Set down the entries below exactly, leaving out all images.

Records contained in a dataset

········

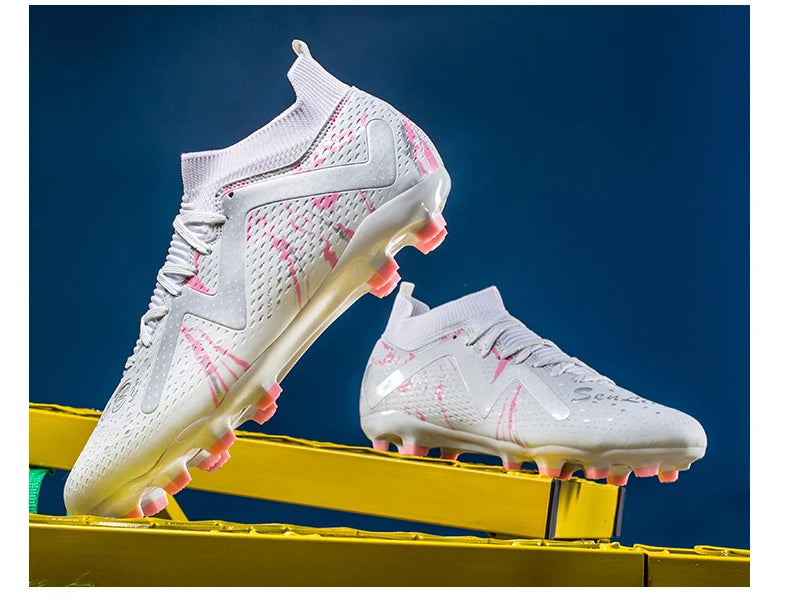 New Style Softball Shoes for Men Anti-Slip Long Spikes Baseball Sneakers Women Baseball Training Shoes Low Top Outdoor Sneakers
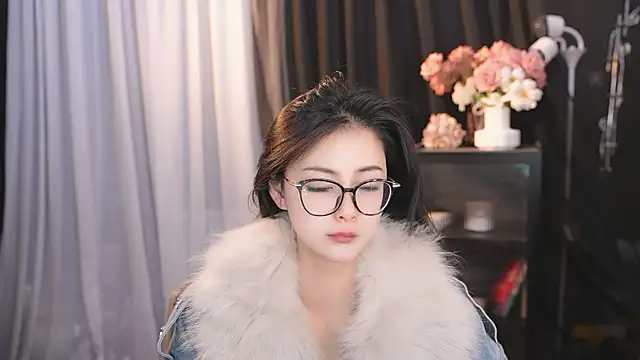 Ocean--Lili online show from 03.20.25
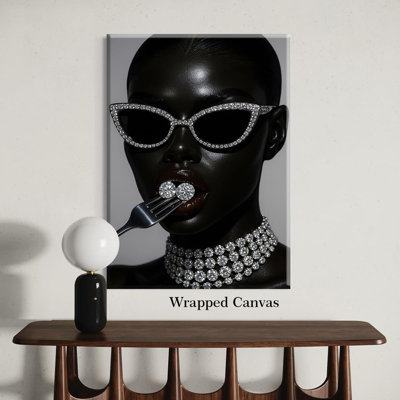 Art mural sur toile Fashion Black Girl, affiche de femme afro-américaine de luxe, décoration murale de culture noire urbaine, verres à diamants et image de collier pour appartement de dortoir pour filles, toile 16 x 24 po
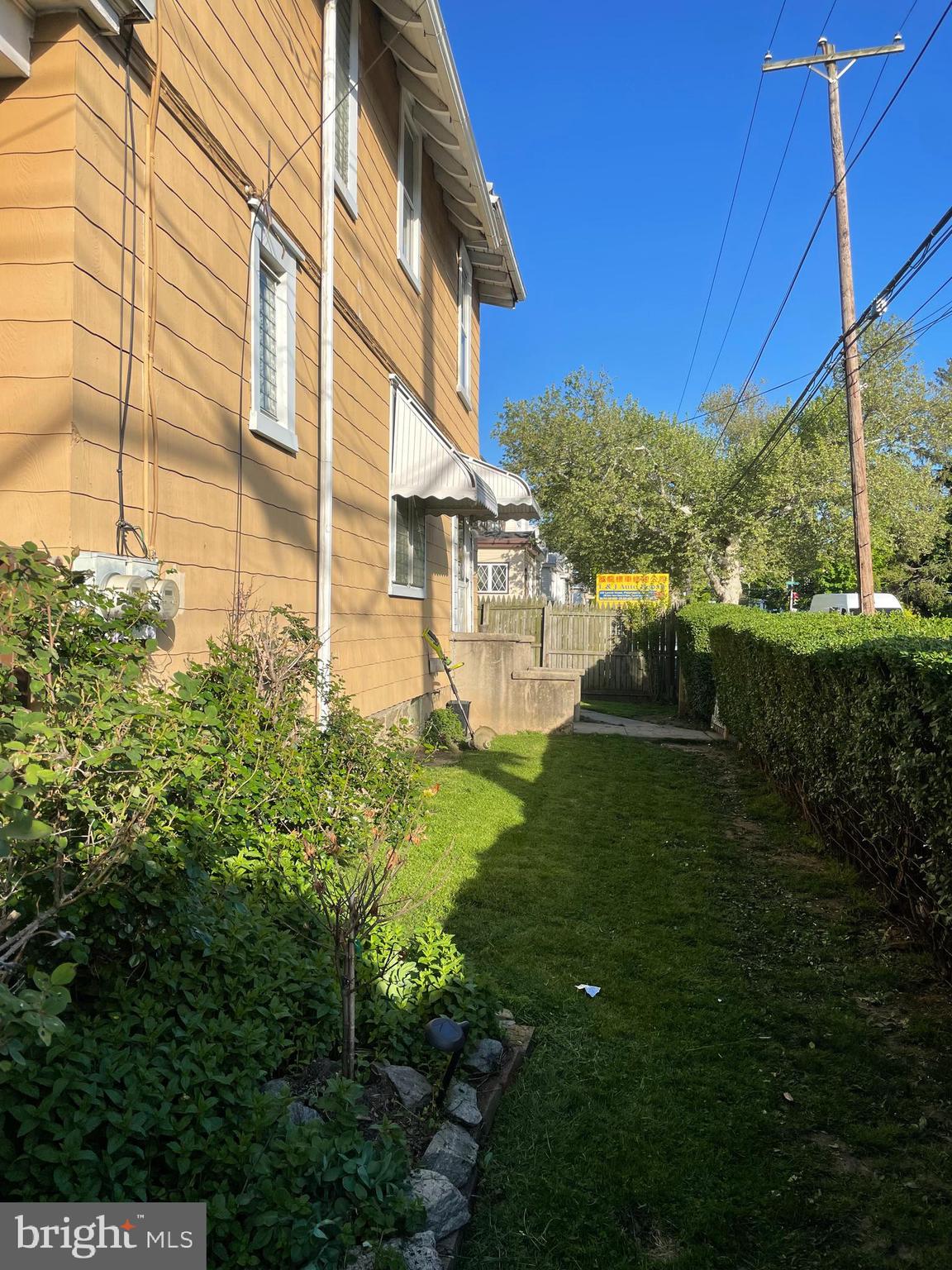 LAWNDALE - Residential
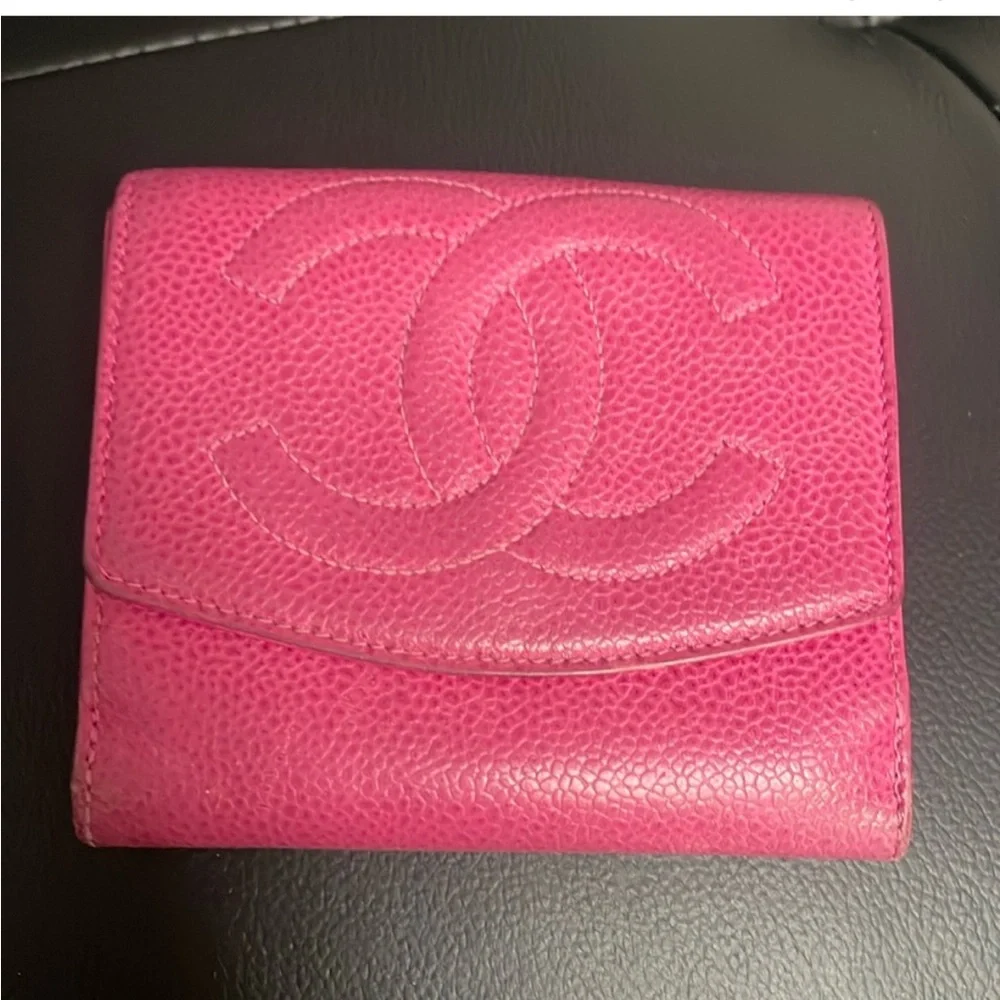 CHANEL lambskin wallet - Picture 1 of 6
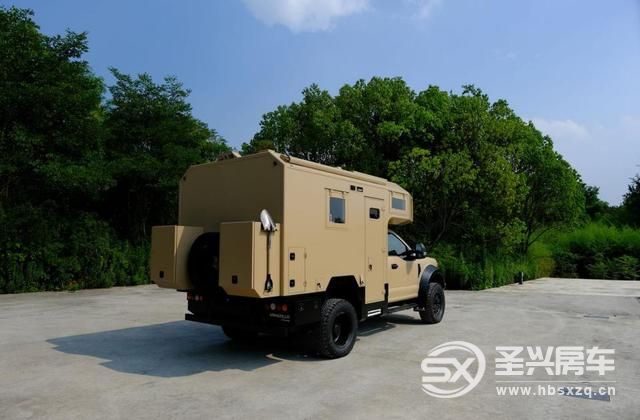 銳野阿莫迪羅房車銳行者2022款，新款越野房車彰顯硬漢風格！-4.jpg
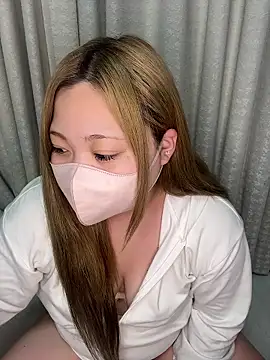 Snapshot of Chua-chan chatting on 17, 10, 2025 Chua-chan online show from 17, 10, 2025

········

* _Answer to the exercise_
 New Style Softball Shoes for Men Anti-Slip Long Spikes Baseball Sneakers Women Baseball Training Shoes Low Top Outdoor Sneakers
 Ocean--Lili online show from 03.20.25
 Art mural sur toile Fashion Black Girl, affiche de femme afro-américaine de luxe, décoration murale de culture noire urbaine, verres à diamants et image de collier pour appartement de dortoir pour filles, toile 16 x 24 po
 LAWNDALE - Residential
 CHANEL lambskin wallet - Picture 1 of 6
 銳野阿莫迪羅房車銳行者2022款，新款越野房車彰顯硬漢風格！-4.jpg
 Snapshot of Chua-chan chatting on 17, 10, 2025 Chua-chan online show from 17, 10, 2025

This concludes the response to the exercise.